Дом Карамзиных был третьим домом, где он находил – и в лице вдовы великого историка и в лице его дочери – неизменную поддержку, сочувствие и непоколебимую веру в его дарование.

Именно в этот дом пришел он, потрясенный горем, когда узнал, что человек, ставший за время его кавказской жизни одним из лучших его друзей, дорогой его сердцу Александр Иванович Одоевский умер.

Грустный, просидел он у них весь вечер.

– После Пушкина, – сказал он тихо, собираясь уходить, – это для меня вторая большая утрата.

– Какая же была первая? – ласково спросила Софи Карамзина. – Кто еще у вас умер?

– Умер? – повторил он. – Нет, она жива. Так же, как и я.


ГЛАВА 25

Предсказание Браницкого о том, что они не будут одиноки, сбылось: примерно через год шестнадцать человек составили кружок.

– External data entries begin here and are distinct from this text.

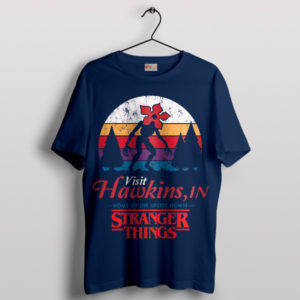 Visit Hawkins Home of the Upside Down Navy T-Shirt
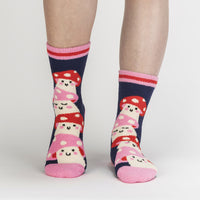 Sock it to Me Magic Mushrooms Womens Crew No-Slip Socks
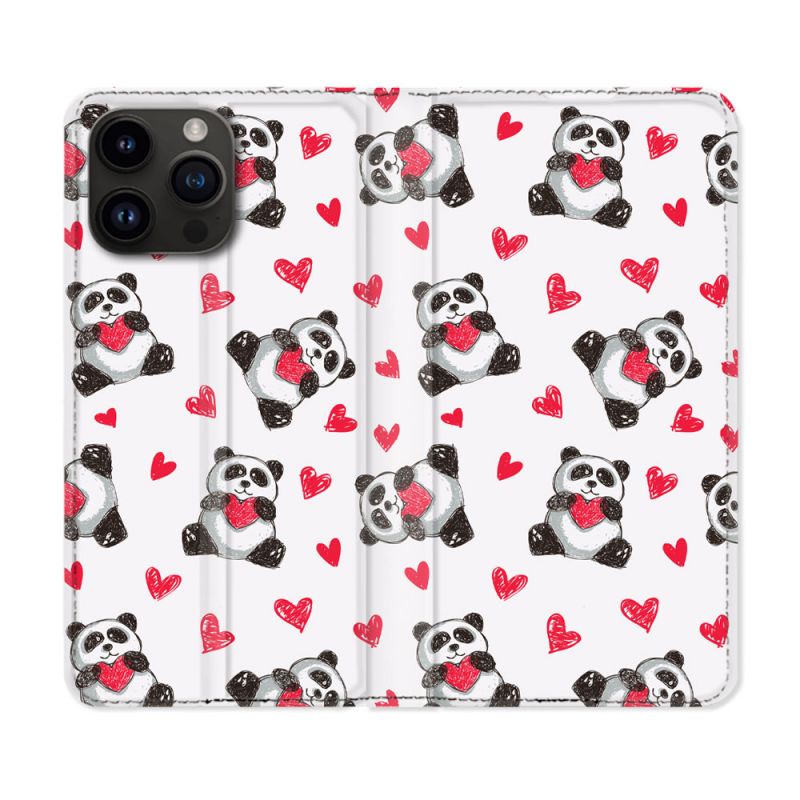 Housse Cuir Portefeuille Pour Iphone 15 Pro Plus (6,7) Animal Panda Cœur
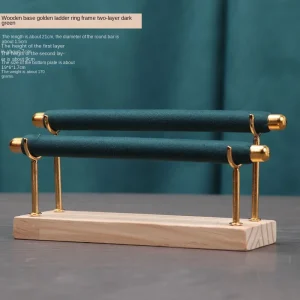 Flerskikts ringdisplayställ i massivt trä med avtagbar metallspong-stav ringhållare 31 Flerskikts ringdisplayställ i massivt trä med avtagbar metallspong-stav ringhållare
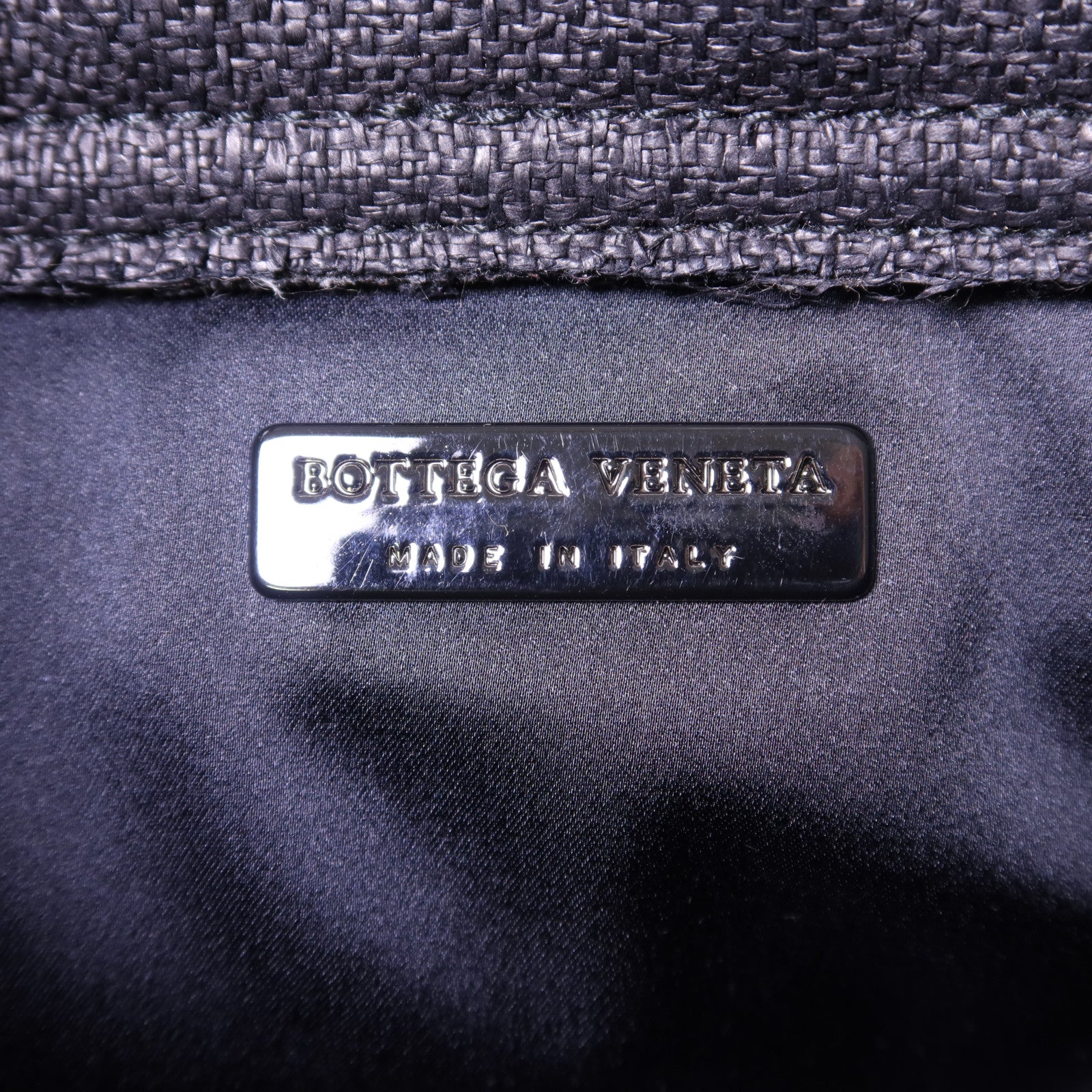 BOTTEGA VENETA 藤料Handbag黑扣手挽袋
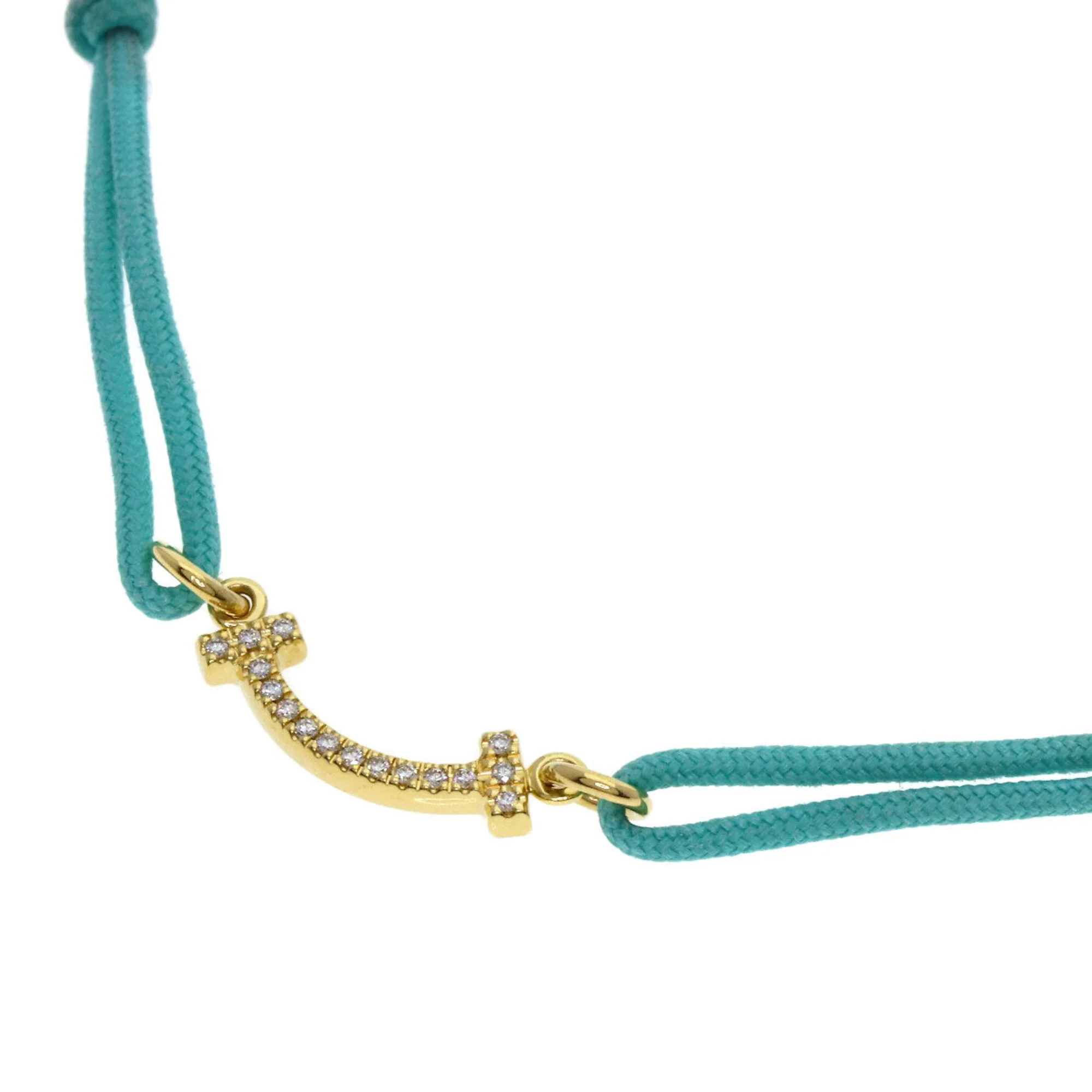 T Smile Mini Pendant Necklace 18K Yellow Gold with Diamonds - Image 2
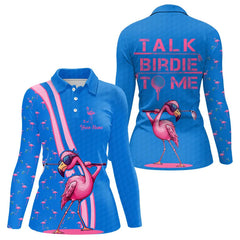 Maxcorners Funny Mens golf polo shirt custom pink and blue flamingo golf shirts talk birdie to me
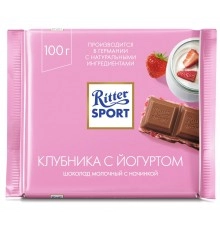 Шоколад молочный Клубника с йогуртом Риттер спорт 100г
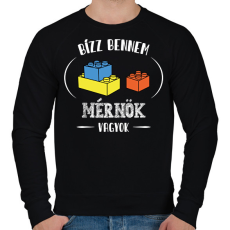 PRINTFASHION Bízz bennem - Mérnök - Férfi pulóver - Fekete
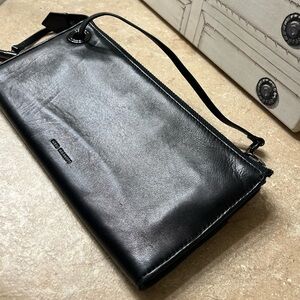 Reed Krakoff Leather Wristlet/Purse, Deep Blue&Black Color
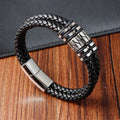 Double Layer Charm Adjustable Black Leather Bracelet Fashion Personalized Jewelry Bangles With Magnetic Clasp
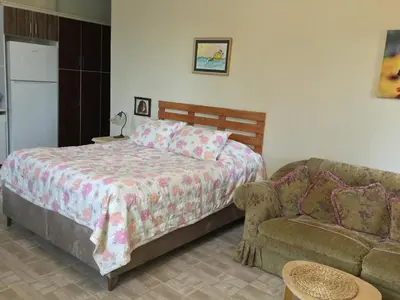 a bedroom with a bed and a couch at Nerry's Garden İzmit - Camellia in Izmit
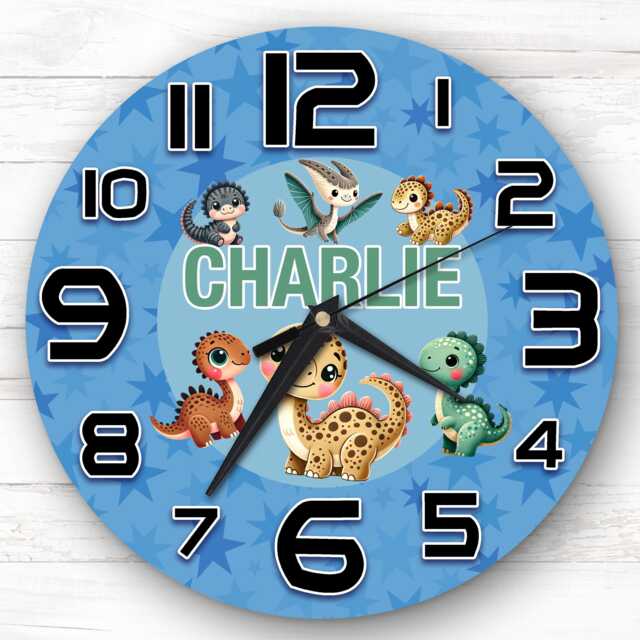 Dinosaurs Blue Personalised Gift For Kid's Bedroom Clock - Kids Clock, Children's Decor, Custom Wall - image 1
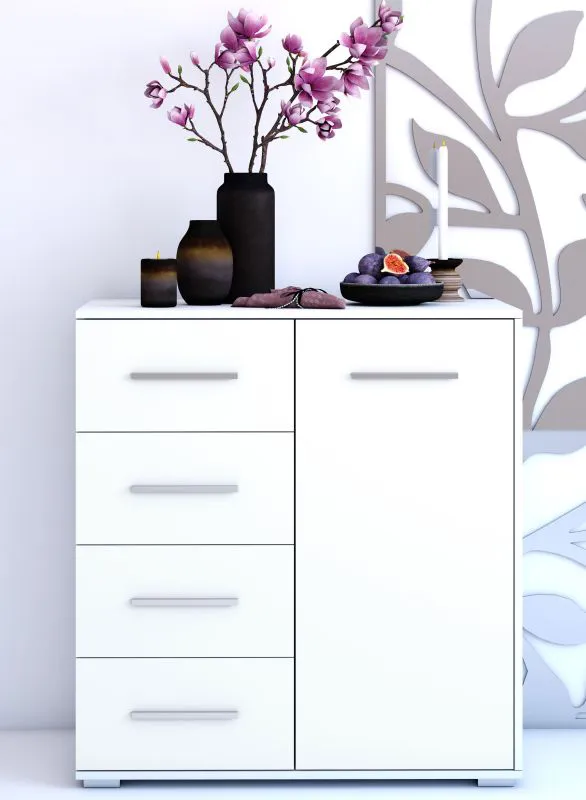 Chest of Drawers | White | Comarca 02 | 96 x 90 x 45 cm | 1 Door | 4 Drawers | 3 Compartments | Silver Handles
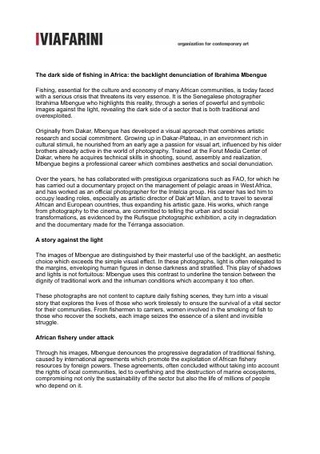 Testo di Ibrahima Mbengue "The Dark Side of Fishing"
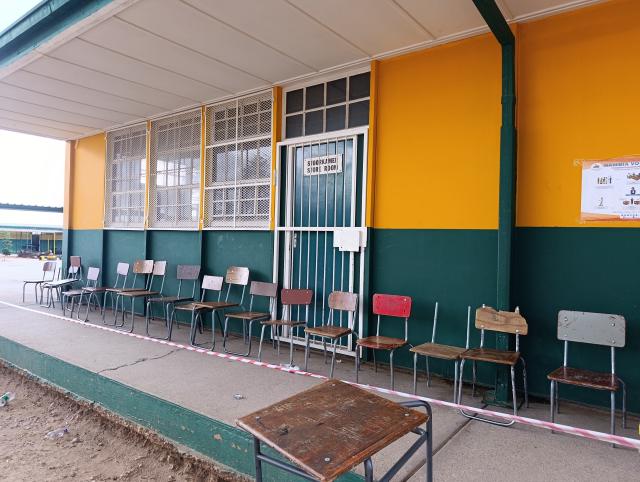 WINDHOEK, 26 November 2025 - Empty chairs pictures at a polling stations in Windhoek. (Photo by: Ali Negumbo) NAMPA 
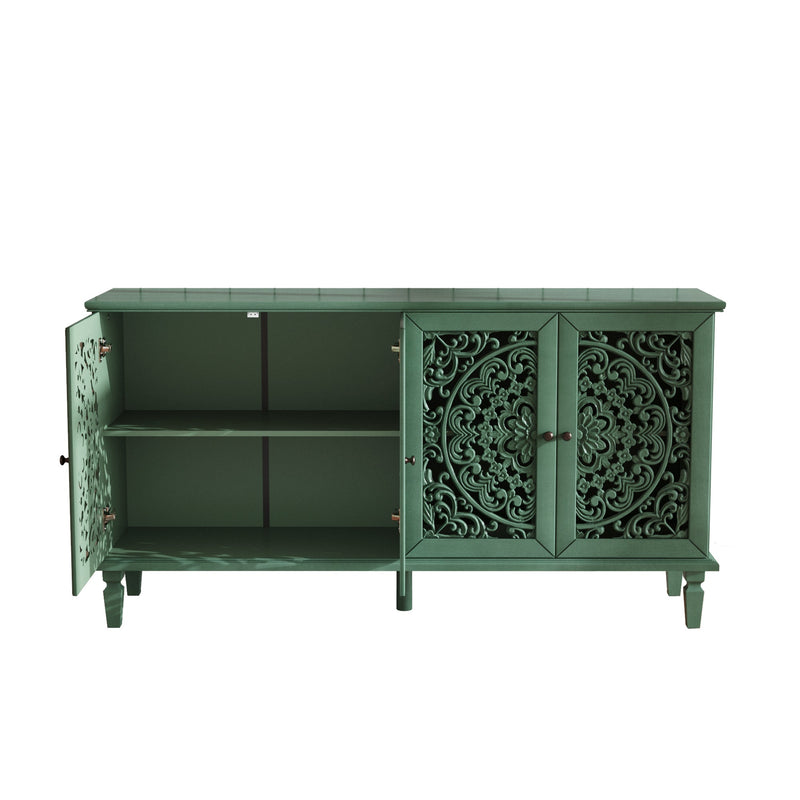 60-Inch Antique Buffet Cabinet with Floral Carvings - Antique Green, photo 15 of 18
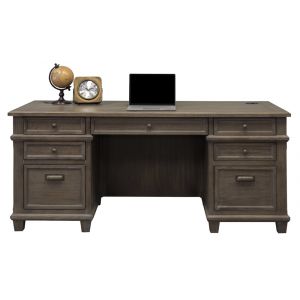 Martin Furniture - Carson Wood Double Pedestal Executive Desk, Gray - IMCA680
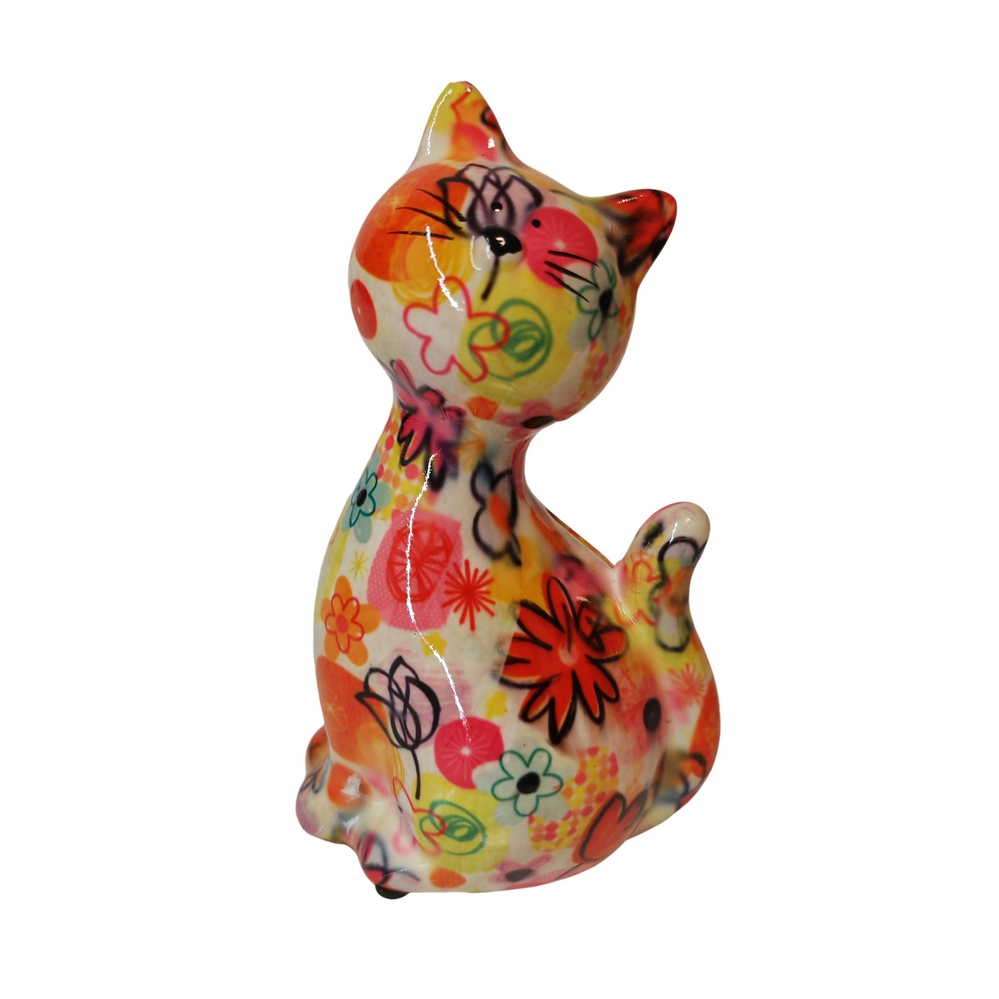 TIRELIRE CHAT CARAMEL POMME PIDOU BLANCHE ET FLEURS - Photo N°1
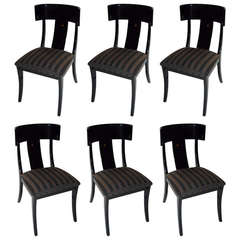 Set of Six Klismos Dining Room Chairs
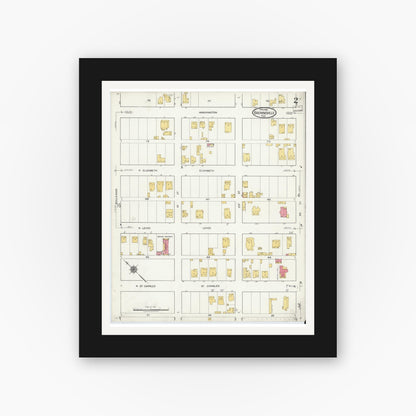 Old map wall art mockup — black gallery frame with white mat — Sanborn Fire Insurance Map from Brownsville, Cameron County, Texas (1919), Sheet #0002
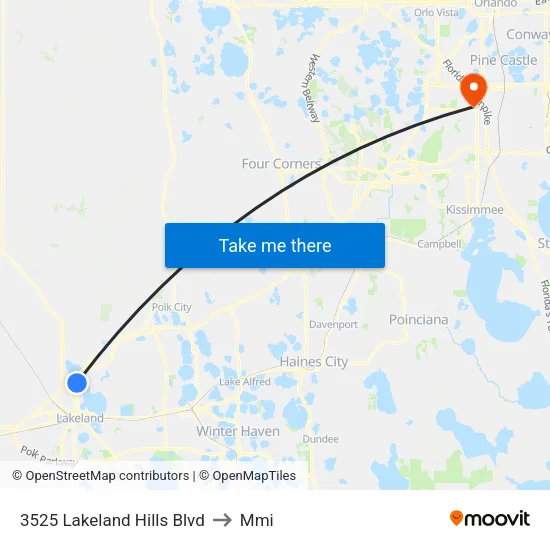 3525 Lakeland Hills Blvd to Mmi map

Они так и называли себя – «Кружок шестнадцати», по числу членов, и собирались почти каждый вечер – вернее, каждую ночь, когда многие из них возвращались из театров, сходясь по очереди то у одного, то у другого, но чаще всего у Лермонтова.

У молодых членов этого кружка еще не было строгого единообразия политических, философских и социальных взглядов, но их объединяло глубокое сознание несправедливости и несовершенства всех основ российской действительности и боль за судьбу русского народа.

Их объединяла горячая жажда реальной борьбы за свободу и достоинство человека в условиях николаевского режима, в тяжкие и глухие годы, потянувшиеся после декабрьского восстания.

И наконец, их объединяли мятежный дух и слово поэта, который сумел связать их крепкой цепью общих чувств и общих надежд.

– Черт возьми, граф, я начинаю думать, что ваше Третье отделение весьма свободолюбивое отделение! – сказал как-то великий князь Михаил Павлович, встретив Бенкендорфа в сумрачном коридоре Зимнего дворца, перед кабинетом своего царственного брата.

– Почему же, ваше высочество? – Бенкендорф почтительно, но с достоинством склонил свою голову перед братом царя – чуть-чуть поменьше, чем перед императором.

– Известно ли, Александр Христофорович, сему обо всем осведомленному отделению, чем занимается хотя бы та военная молодежь, которая является ближайшим окружением монарха и его семьи?

– О какой именно молодежи изволите говорить, ваше высочество?

– Я говорю о нашей лейб-гвардии. Не о всех, конечно. Но кое о ком. И я вижу, граф, что знаю, по-видимому, больше вас.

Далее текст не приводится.